Moskowitz concluded the book with six recommendations for cities:

  1. “Expand, protect and make accessible public lands.”  The cities that best manage problems from gentrification are often those that retain public ownership of large areas of land, including land for affordable housing.
  2. “Give people an actual say in what happens in their city.”  That means empower and respect them – an approach that seems to be on the decline in Portland.  It also means, don’t stack their stakeholder panels with overwhelming numbers of real estate professionals and architects.
  3. “Heavily regulate housing. “ Treat it not as a freely traded commodity, but what it is — a common asset that everyone needs.  Those who speculate in this commodity should be expected to compensate those who are harmed by their actions — like people who are evicted from their homes to make way for more profitable development.
  4. “Implement a new New Deal.” This may be more politically difficult in our era — but the ultimate economic advantages of doing so are becoming more evident.  So is the ultimate penalty for growing inequality.
  5. “End protectionism, and add infrastructure.”  Broadly speaking, create more housing in more places. This doesn’t mean that we should jam it in wherever we can — in tall buildings downtown, for example, which create their own unintended effects, as we have written before.  As the UN’s Undersecretary-General has pointed out, there is more to affordability than a simple-minded “supply and demand.”  On the other hand, this does suggest that we should create more “complete communities” in more parts of the region —  including the suburbs, where most of the region lives, and where increasing numbers of people have been forced to relocate.
  6. “Raise taxes, raise wages, spend on the poor.”  We spoke previously about the potential of a “land value tax” to damp down commodity speculation in real estate – and the “Vienna model” that our friend Patrick Condon described for Vancouver, B.C.  Essentially, a land value tax soaks up the excess capital that would otherwise fuel land speculation, and the familiar spiral of higher prices.  In addition to serving as a damper on land speculation, the money raised from this tax is then used to fund affordable housing on public land.

This last point is part of a broader transition that needs to happen with so-called “Georgist” economic policies.  Essentially, we should treat resources as part of our commons that must be be conserved, shared and protected.  We should require that significant taxes be paid on consumption, while at the same time, taxes are reduced on creative development that uses fewer resources.

This is an essential path to a “repletion economy” – one that conserves resources, and rewards more creative growth that consumes fewer resources– or better yet, that actually regenerates (“repletes”) resources, in the same way that, say, good farmland practice can produce good crop growth while also regenerating the soil.

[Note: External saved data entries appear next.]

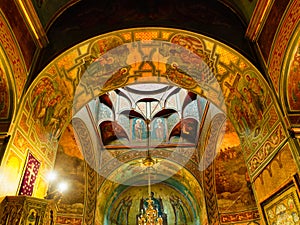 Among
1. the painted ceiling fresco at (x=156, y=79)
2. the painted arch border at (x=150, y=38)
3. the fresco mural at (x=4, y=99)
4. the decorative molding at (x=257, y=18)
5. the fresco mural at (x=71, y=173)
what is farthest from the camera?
the fresco mural at (x=71, y=173)

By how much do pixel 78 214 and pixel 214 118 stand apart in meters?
7.66

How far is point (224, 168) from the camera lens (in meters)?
11.9

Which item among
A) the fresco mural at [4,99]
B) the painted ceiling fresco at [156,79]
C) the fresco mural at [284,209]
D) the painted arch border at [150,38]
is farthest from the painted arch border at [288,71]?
the fresco mural at [4,99]

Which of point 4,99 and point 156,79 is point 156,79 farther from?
point 4,99

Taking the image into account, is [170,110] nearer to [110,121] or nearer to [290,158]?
[110,121]

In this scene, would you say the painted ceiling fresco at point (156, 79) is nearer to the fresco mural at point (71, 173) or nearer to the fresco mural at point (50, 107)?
the fresco mural at point (50, 107)

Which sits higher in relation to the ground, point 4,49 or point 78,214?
point 4,49

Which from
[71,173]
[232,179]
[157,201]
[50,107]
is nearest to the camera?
[50,107]

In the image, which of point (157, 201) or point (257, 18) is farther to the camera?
point (157, 201)

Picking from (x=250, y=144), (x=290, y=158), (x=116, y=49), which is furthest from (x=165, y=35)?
(x=290, y=158)

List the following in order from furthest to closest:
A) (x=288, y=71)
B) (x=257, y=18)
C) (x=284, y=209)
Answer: (x=257, y=18), (x=288, y=71), (x=284, y=209)

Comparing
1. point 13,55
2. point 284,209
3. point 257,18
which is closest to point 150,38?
point 257,18

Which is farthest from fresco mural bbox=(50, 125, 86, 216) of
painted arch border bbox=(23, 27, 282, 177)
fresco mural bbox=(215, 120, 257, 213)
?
fresco mural bbox=(215, 120, 257, 213)

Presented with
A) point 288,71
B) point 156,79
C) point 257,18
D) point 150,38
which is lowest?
point 288,71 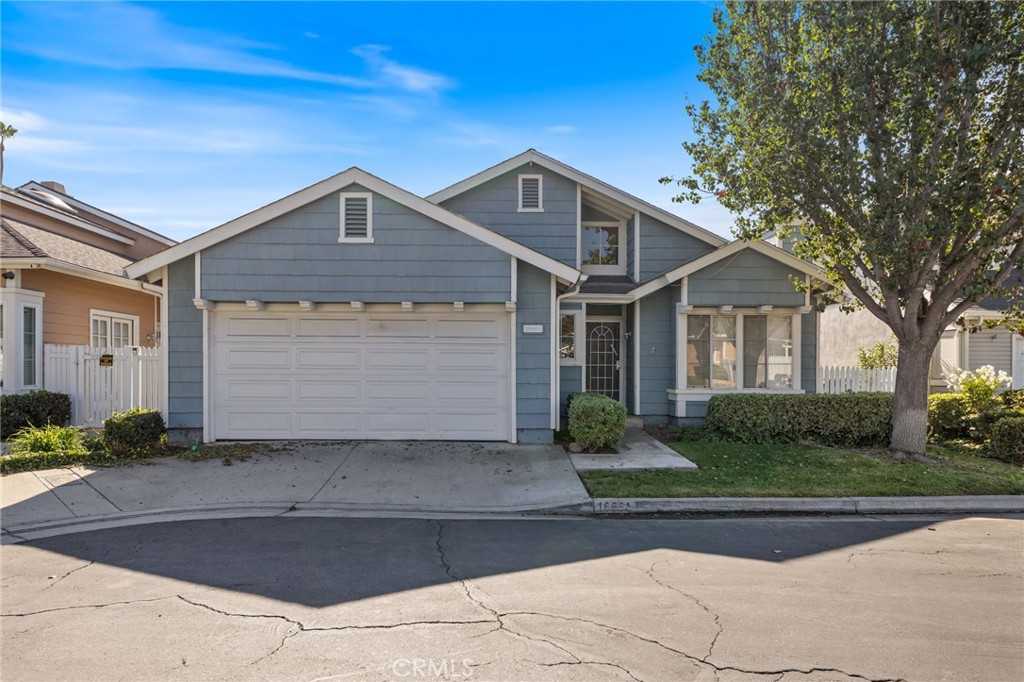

But right now, we’re doing the exact opposite.  We’re operating a “depletion economy” – one that is fundamentally unsustainable.  We’re rewarding  those who are stripping our resources out from under us, drilling and burning and uglifying the landscape, with results that are increasingly toxic to people and other living things.   It’s happening in the wilderness, in the countryside, in the suburbs — and yes, in the city cores.

It’s tempting to apply the formulas of speculative real estate to the core of our own city.  It’s tempting to be lured by the short-term profits of “voodoo urbanism” as we have called it.  But as Moskowitz points out,  “gentrification is a system,” he says, “that puts the needs of capital (both in terms of city budget and in terms of real estate profits) above the needs of people.”  This is how to kill a city.